Lately I’ve been thinking about group work.
This past spring, I reached a point in a lesson where I wanted students to work together on a few tasks. Prior knowledge was there. Things were accessible. Heterogeneous groups abound. All the standard stuff. There was no reason why the kids shouldn’t have been good to go.
What did they do? They waited for me. They couldn’t get started without me but, even worse, they couldn’t even use one another to get the ball rolling. Despite being more than capable, they wanted me to feed them…again. I say again because this was a fairly common theme all year. It just took this particular lesson for it to hit me.
Realizing this, I didn’t want to lecture them on how I knew that together they could accomplish the tasks I set forth. So I sat on a desk and stared at them. The result was a bunch of concerned faces asking me why I was so quiet. I responded with silent eye contact to each and every one of them. It took a full three minutes of awkwardness before they pieced things together. Oh, he wants us to figure this stuff out.
In the moment, I was really disappointed with them. I was borderline furious. I overplan my lessons, pour growth mindset into them all year, and live with a low floor and high ceiling. Yet why couldn’t they work together, independent of me?
It didn’t take long for me to realize that I was the culprit. This situation was a direct consequence of me neglecting to develop a culture of interdependency. Now that I think about it, my classes have been like this for years.
Next year I am determined to get out of the way. For everyone’s sake, my students must need me less. I want group work to be the norm. A successful mathematics class is dependent on communication and inquiry – both of these are byproducts of collaboration.
I’m still finalizing a structure, but thanks to a workshop by Phil Dituri, I have some tentative group norms that I’ll use next year.
- If you have a question, ask your group before asking me.
- If someone asks a question, do your best to help that person.
- It is the responsibility of the group to ensure that each and every person in the group understands the task at hand.
- If you finish and check your work, you should ask others in your group if they need help.
- Discuss different answers and try to agree on one. You should be able to explain your group mates’ solutions as if they were your own.
- No talking to other groups.
It will be challenging to develop these norms with students that may not understand how to work together effectively. There are strategies that will be helpful in the process, but I still may have to start with one or two at the beginning of the year and build on those.
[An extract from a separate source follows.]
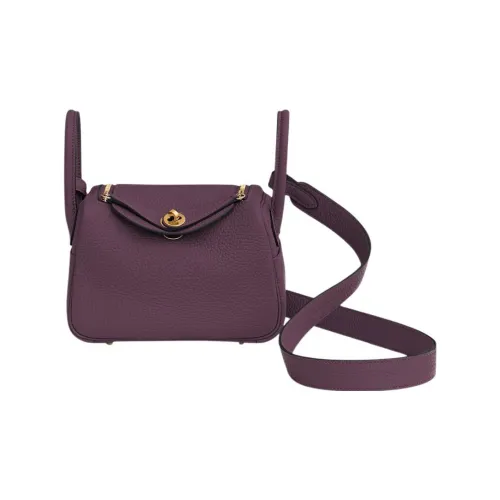 HERMES Lindy Clemence Bullock Кожа Сумка Сумка через плечо Сумка через плечо Мини Женская N5 Черная смородина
I want my students to value collaboration and learning from one another, but there’s another aspect to this talk of group work that’s worth noting. It’s the societal belief that collaboration is the root of all things great and that everyone must collaborate in the same way. Susan Cain argues against this mantra in her book Quiet and I agree with her. She calls this the New Groupthink because it “…elevates teamwork above all else. It insists that creativity and intellectual achievement come from a gregarious place.”
This line of thinking is a huge disservice to our introverted students. I bring this up because of my own introverted tendencies, like preferring one-on-one conversations over group discussions, enjoying listening more than speaking, and leading in non-traditional ways. The need for some students to think and work in solitude is something I get. It’s how I’m most productive. Reading the book was like uncovering so much of myself.
Studies show that one third to one half of us are introverts. The class I mentioned was full of introverts and they needed a structure to work together. I hope that my system encourages collaboration and interdependency while addressing the needs of all my students, but especially my more introverted ones. My norms won’t be a saving grace since research advocates for other strategies to support introverts – such as small groups, individual think time, and supporting individual passions, all of which I could improve upon. But hopefully my group norms help to celebrate introversion and make it easier for students to rely on one another as opposed to me.